Puno, Peru - Lake Titicaca and the Floating Islands

So after leaving Cusco thoroughly exhausted, we hopped on a "tourist bus" to Puno. It would have been a lot cheaper to take a local bus, but we thought this sounded like fun, it had a buffet lunch included, and the bus was super comfy. And for a 10 hour trip, these things were essential.
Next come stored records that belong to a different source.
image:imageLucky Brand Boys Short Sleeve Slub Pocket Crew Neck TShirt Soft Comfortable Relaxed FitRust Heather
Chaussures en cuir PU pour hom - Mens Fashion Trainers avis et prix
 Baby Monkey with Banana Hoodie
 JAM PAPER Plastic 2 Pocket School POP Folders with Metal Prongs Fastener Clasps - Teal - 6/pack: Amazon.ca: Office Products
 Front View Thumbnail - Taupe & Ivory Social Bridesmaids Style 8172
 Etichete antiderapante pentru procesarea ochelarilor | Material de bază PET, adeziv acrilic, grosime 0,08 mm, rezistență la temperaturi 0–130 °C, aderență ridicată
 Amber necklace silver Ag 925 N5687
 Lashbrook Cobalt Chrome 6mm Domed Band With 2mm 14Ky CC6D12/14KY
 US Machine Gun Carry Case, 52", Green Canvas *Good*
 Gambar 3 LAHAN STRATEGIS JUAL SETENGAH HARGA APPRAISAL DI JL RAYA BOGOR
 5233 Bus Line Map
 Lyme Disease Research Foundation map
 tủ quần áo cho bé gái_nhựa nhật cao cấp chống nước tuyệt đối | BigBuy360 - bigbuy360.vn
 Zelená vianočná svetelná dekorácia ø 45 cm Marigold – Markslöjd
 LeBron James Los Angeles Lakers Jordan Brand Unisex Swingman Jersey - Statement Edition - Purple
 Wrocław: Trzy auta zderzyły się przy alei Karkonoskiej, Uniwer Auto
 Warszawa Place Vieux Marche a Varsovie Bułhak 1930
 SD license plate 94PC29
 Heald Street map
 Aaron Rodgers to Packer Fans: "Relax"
We left at 7 am and stopped off at a little church right outside of Cusco. Alex and I could have cared less where we were, BECAUSE IT WAS FREEZING. We had some warm clothes...like a long sleeve shirt and a rain jacket, but we were in desperate need of layers. There were some women outside of the church selling Alpaca products, and we would have paid anything for a couple of sweaters and some gloves. But luckily it was actually the cheapest we had found the alpaca sweaters so far. We paid 36 bucks for two SUPER WARM sweaters, 2 pairs of gloves, and 2 hats. And while I'm pretty sure the sweaters were authentic, the gloves sucked, and the hats were only okay, but we were still happy not to be freezing our asses off. Here's the ass-cold church:



Very pretty but unappreciated considering our frozen brains. Next we stopped by some (more) ruins:


And by this time it was super hot again, so we took off all the stuff we have bought an hour previous. After a couple more hours of driving, we went to the best buffet lunch ever:


While we were sitting eating lunch, Alex was looking out the window and started talking to himself. He said, "Oh man he's going to do it. Don't do it. OH MAN HE DID IT!" Instead of attributing it to his usual crazy self, I decided to take a leap and ask him what he was looking at. He quickly pointed to a guy outside of the window who was looking at a bush. He leaned over, picked off some of the flowers, sniffed them, and THEN ATE THEM. It was awesome. He watched him walk around sniffing things and eating them, and at some point I snapped a picture of him:


Luckily, he was on our bus, and sitting right next to us. He was the most interesting man we had ever seen. He kept a notebook with him, where he sketched everything we had seen that day and wrote notes about it. Alex thinks he's Darwin, come back to make more observations about this world we live in. Whoever he was, we were grossly disappointed that he didn't speak English, and we would never hear his story.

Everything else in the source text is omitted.